··· SUPPLIED RECORDS
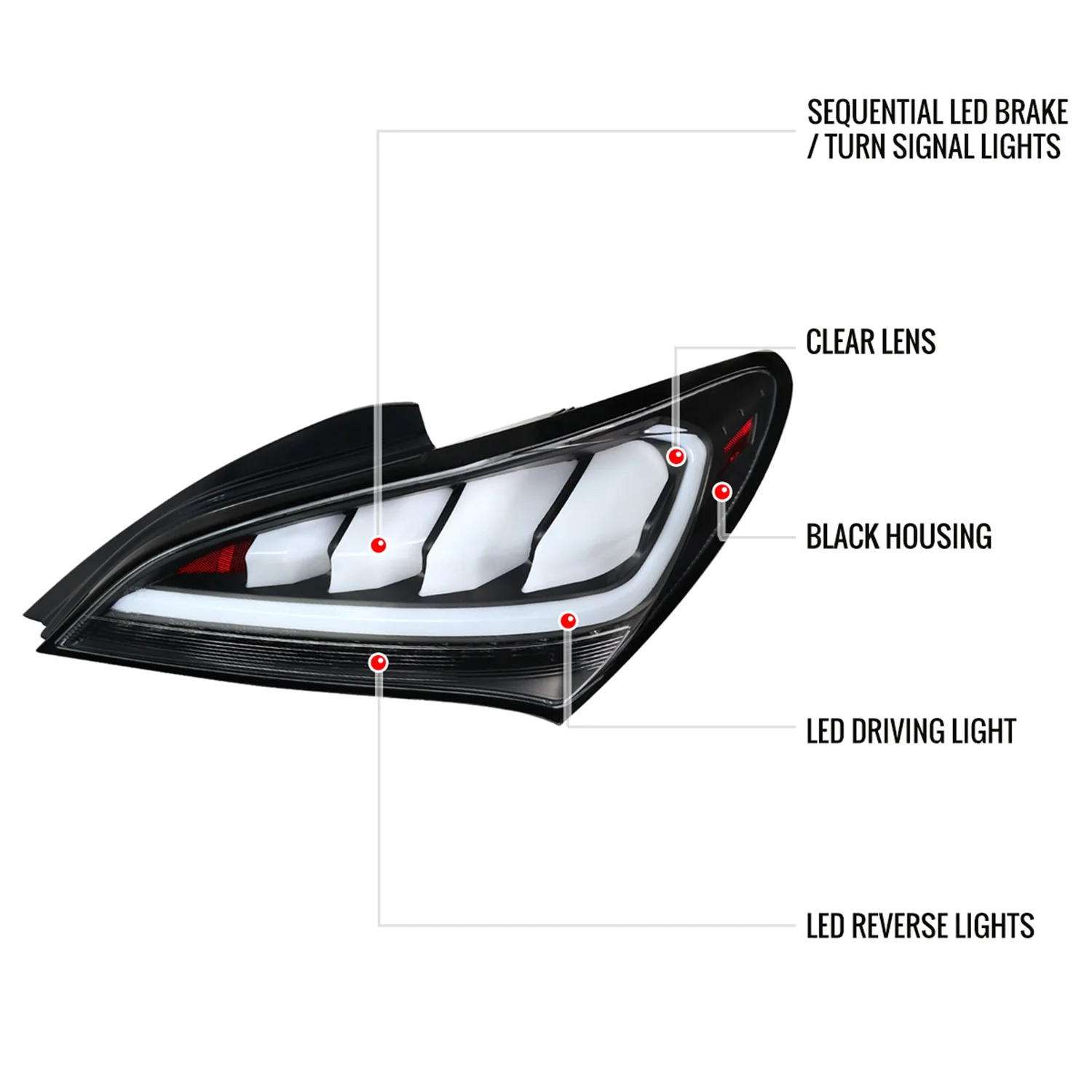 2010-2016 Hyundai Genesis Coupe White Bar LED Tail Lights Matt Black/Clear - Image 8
······
··· SUPPLIED RECORDS
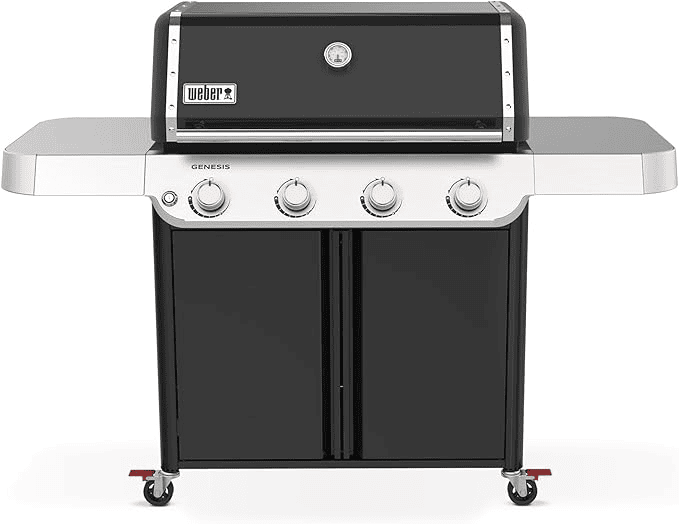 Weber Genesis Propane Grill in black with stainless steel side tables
······
··· SUPPLIED RECORDS
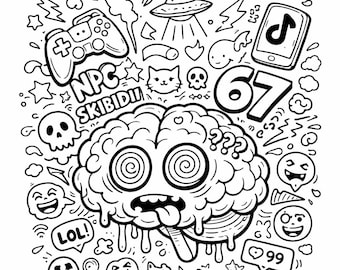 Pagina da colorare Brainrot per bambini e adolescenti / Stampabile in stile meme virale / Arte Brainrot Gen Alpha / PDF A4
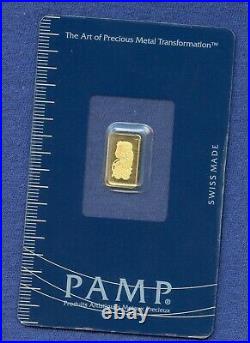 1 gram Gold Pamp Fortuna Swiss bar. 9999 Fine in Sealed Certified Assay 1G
······
WHAT IS EXPECTED:
What lines above run from the one with "Pagina da colorare" to the one with "1 gram Gold"? Give them again exactly, ends included, and leave the pictures out.

PROBLEM SOLUTION:
 Pagina da colorare Brainrot per bambini e adolescenti / Stampabile in stile meme virale / Arte Brainrot Gen Alpha / PDF A4
 1 gram Gold Pamp Fortuna Swiss bar. 9999 Fine in Sealed Certified Assay 1G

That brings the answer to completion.